Il caso di cui si sta parlando di più è quello delle intercettazioni delle telefonate della giornalista Nancy Porsia, collaboratrice di molte testate italiane e internazionali ed esperta in particolare di Libia. Circa 100 delle pagine di trascrizioni depositate dalla procura, ha scritto Porsia stessa, riguardano sue conversazioni con fonti confidenziali, colleghi e anche con la sua avvocata, Alessandra Ballerini. Sembra che Porsia, che non è indagata, sia stata sotto sorveglianza per circa 6 mesi e che la polizia abbia prodotto sul suo conto una sorta di dossier che secondo Domani conteneva «fotografie, contatti sui social, rapporti personali e nomi di fonti», senza che queste informazioni fossero direttamente utili per l’indagine sulle ONG.
Scrive Domani:
Molti altri giornalisti sono stati intercettati indirettamente, mentre parlavano con rappresentanti delle Ong. Si trattava di un normale rapporto – spesso fiduciario – dei giornalisti che seguivano i flussi migratori provenienti dalla Libia con le proprie fonti. In molti casi nel corso delle telefonate viene fatto riferimento a testimoni o circostanze sensibili. L’inviato di Avvenire Nello Scavo, ad esempio, viene intercettato mentre parla con una sua fonte sulle modalità per ricevere un video che dimostra le violenze subite dai migranti in Libia. Nelle carte sono riportati anche i contenuti delle conversazioni della giornalista Francesca Mannocchi con esponenti delle Ong, dove si fa riferimento ai viaggi in Libia.
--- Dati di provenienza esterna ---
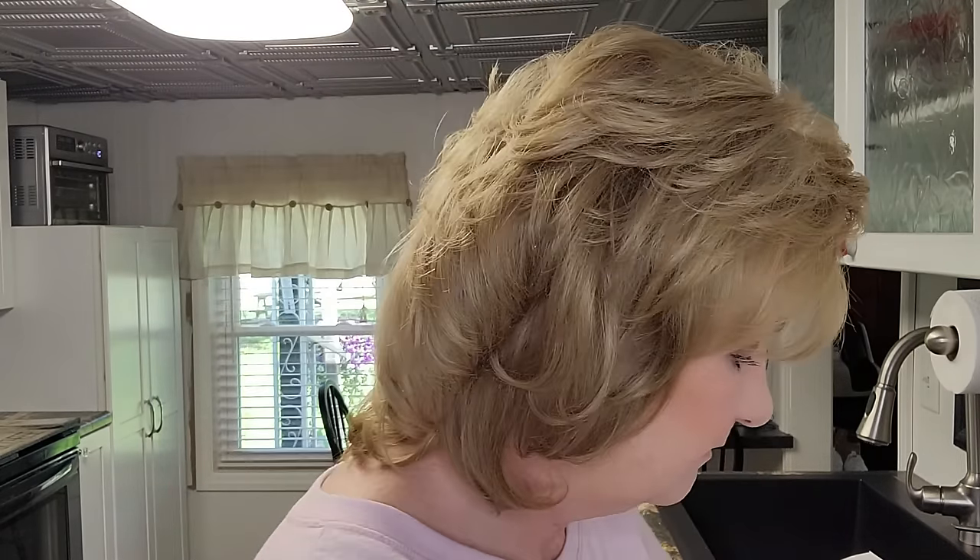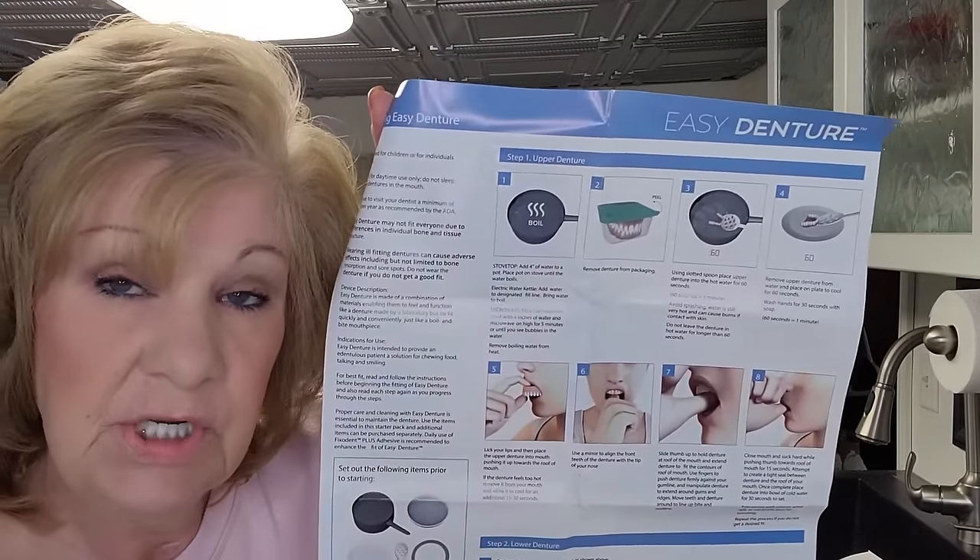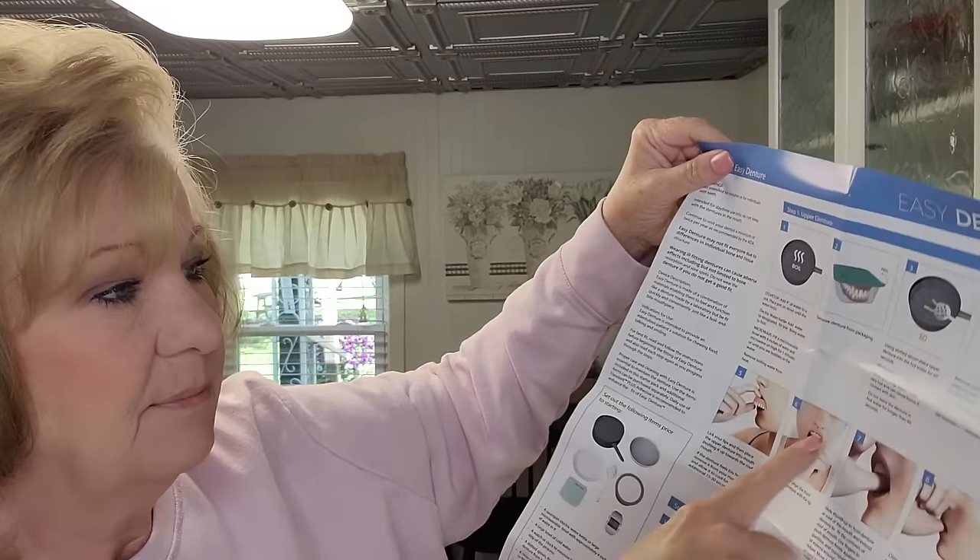When you get the kit — I'm going to leave a link to their website — you can tell that the teeth are not polished. When they made this design they found it worked better not polishing the teeth. But they do send a polishing cloth that you can polish them yourself. Also your saliva itself will make your teeth shiny. In the kit comes the polishing cloth and very detailed instructions with pictures and step-by-step instructions.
È stato intercettato anche il cronista di Radio Radicale Sergio Scandurra, mentre chiedeva informazioni ad alcuni esponenti di organizzazioni umanitarie, impegnate in quei mesi nei salvataggi dei migranti. Negli atti sono poi finite diverse telefonate del giornalista del Fatto quotidiano Antonio Massari che raccontò nell’agosto del 2018 i rapporti tra gli operatori della Imi e Matteo Salvini. Anche in questo caso il cronista stava parlando con alcune fonti. Intercettati, infine, anche Fausto Biloslavo, del Giornale, e Claudia Di Pasquale, di Report.
Secondo il Codice di procedura penale, i giornalisti non sono tenuti a comunicare all’autorità giudiziaria i nomi delle fonti da cui «hanno avuto notizie di carattere fiduciario nell’esercizio della loro professione», tranne che in casi molto particolari e solo dopo la decisione di un giudice. Per questa ragione, la Federazione Nazionale della Stampa Italiana, il sindacato dei giornalisti, ha definito un «abuso» le intercettazioni trascritte dalla procura di Trapani. Le intercettazioni telefoniche dovrebbero essere infatti limitate alle persone indagate per alcuni tipi di reato e dovrebbero essere trascritte e tenute agli atti solo se giudicate legittime e inerenti all’inchiesta in corso. Solo in alcuni casi è prevista la possibilità di intercettare telefonate di persone non indagate – per raccogliere prove utili all’indagine –, ma in questi casi le intercettazioni dovrebbero avere uno scopo molto limitato.